Pembagian Kerja (Division of Labour)
Dalam kedudukannya sebagai individu, manusia diciptakan dalam keadaan lemah dan membutuhkan bantuan orang lain (ta’awun). Manusia bisa menjadi kuat apabila  melebur diri  dalam masyarakat. Kesadaran tentang  kelemahan tersebut   mendorong manusia untuk bekerjasama dengan orang lain dalam memenuhi kebutuhan hidupnya. “Kesanggupan seseorang untuk mendapatkan makanannya sendiri, tidak cukup baginya untuk mempertahankan hidupnya, karena kebutuhannya bukan sekedar makanan. Bahkan untuk mendapatkan sedikit makanan pun, misalnya kebutuhan gandum untuk makan satu hari saja, manusia membutuhkan orang lain. Pembuatan gandum, jelas membutuhkan berbagai pekerjaan (menggiling, mengaduk dan memasak). Tiap-tiap pekerjaan tersebut membutuhkan alat-alat yang mengharuskan adanya tukang kayu, tukang besi, tukang membuat periuk dan tukang-tukang lainnya. Andaikan pun misalnya, ia bisa makan gandum dengan tidak usah digiling lebih dahulu, ia tetap membutuhkan pekerjaan orang lain, sebab ia baru bisa mendapatkan gandum yang belum digiling itu setelah dilakukan berbagai pekerjaan, seperti menanam, menuai dan memisahkan gandum itu dari tangkainya. Bukankah semua proses ini membutuhkan banyak alat dan pekerjaan.

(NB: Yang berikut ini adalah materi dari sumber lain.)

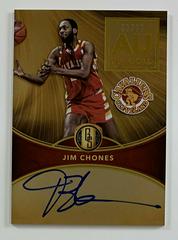 Jim Chones #AU-JC Basketball Cards 2016 Panini Gold Standard AU Autographs Prices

Jadi,  mustahil bagi seseorang untuk  melakukan semua atau sebagian pekerjaan-pekerjaan tersebut. Karena itu merupakan keharusan baginya untuk mensinergikan (ta’awun)  pekerjaannya dengan pekerjaan orang lain. Manusia membutuhkan kerjasama ekonomi. Dengan kerja sama dan tolong-menolong dapat dihasilkan bahan makanan yang cukup untuk waktu yang lebih panjang dan jumlah yang lebih banyak.” Untuk itu diperlukan adanya pembagaian kerja (division of labour) antara individu dalam masyarakat, karena manusia tidak bisa  memenuhi kebutuhannya sendiri, pasti tergantung pada orang lain.
Menurut Ibn Khaldun ada tiga kategori utama dalam kerja:
·         pertanian,
·         perdagangan dan berbagai kegiatan lainnya.
·         Perdagangan
Selanjutnya Ibnu Khaldun menjelaskan bahwa para petani menghasilkan hasil pertanian lebih banyak dari yang mereka butuhkan. Karena itu  mereka menukarkan kelebihan produksi mereka dengan produk-produk lain yang mereka perlukan. Dari sinilah timbul perdagangan (tijarah). Jadi, pekerjaan perdagangan ini secara kronologis timbul setelah adanya produksi pertanian Seperti telah dikemukan, perdagangan adalah upaya memproduktifkan  modal yaitu dengan membeli barang-barang dan berusaha menjualnya dengan harga yang lebih tinggi. Ini dijalankan, baik dengan menunggu meningkatnya harga pasar atau dengan membawa (menjual) barang-barang itu ke tempat yang lebih membutuhkan, sehingga akan didapat harga yang lebih tinggi, atau kemungkinan lain dengan menjual barang-barang itu atas dasar kredit jangka panjang.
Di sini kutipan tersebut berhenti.